**Brief**. Apart from the images, repeat the data below exactly as written.

**The data**.
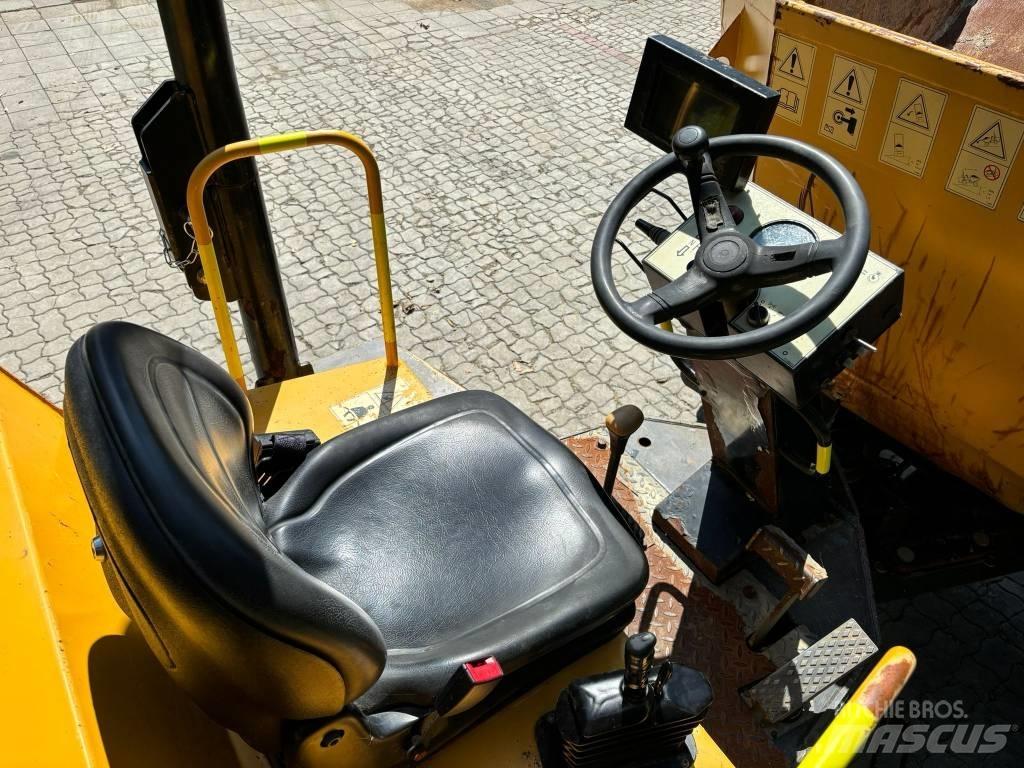 Mecalac TA 6s Dumper - Knickgelenk
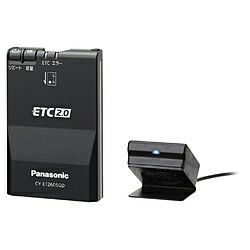 JAN 4549980143247 パナソニック　Panasonic GPS受信機付きETC2.0車載器 CYET2605GD パナソニックオペレーショナルエクセレンス株式会社 車用品・バイク用品 画像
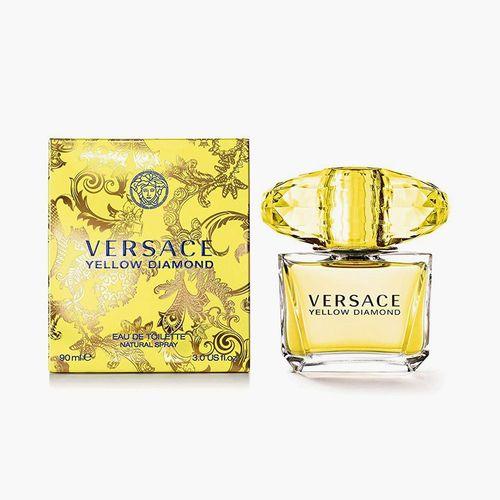Versace Yellow Diamond Eau De Toilette Spray 90ml - Toi ‘n’ Moi Ltd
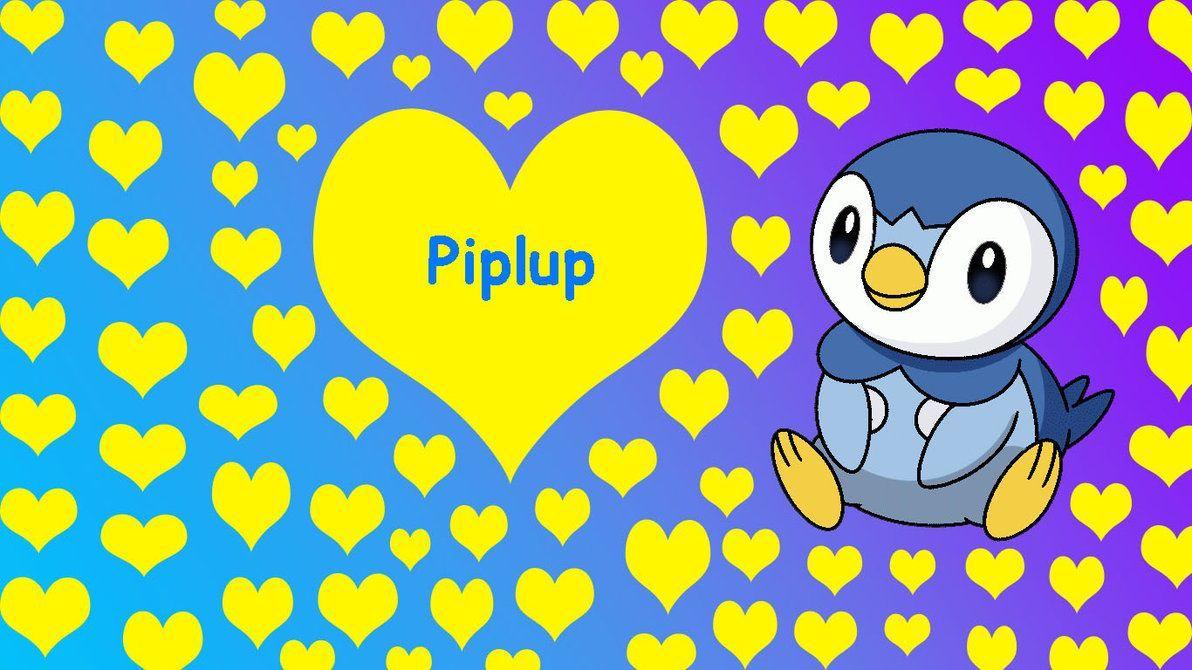 Piplup Wallpaper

**Answer box**.
 Mecalac TA 6s Dumper - Knickgelenk
 JAN 4549980143247 パナソニック　Panasonic GPS受信機付きETC2.0車載器 CYET2605GD パナソニックオペレーショナルエクセレンス株式会社 車用品・バイク用品 画像
Versace Yellow Diamond Eau De Toilette Spray 90ml - Toi ‘n’ Moi Ltd
 Piplup Wallpaper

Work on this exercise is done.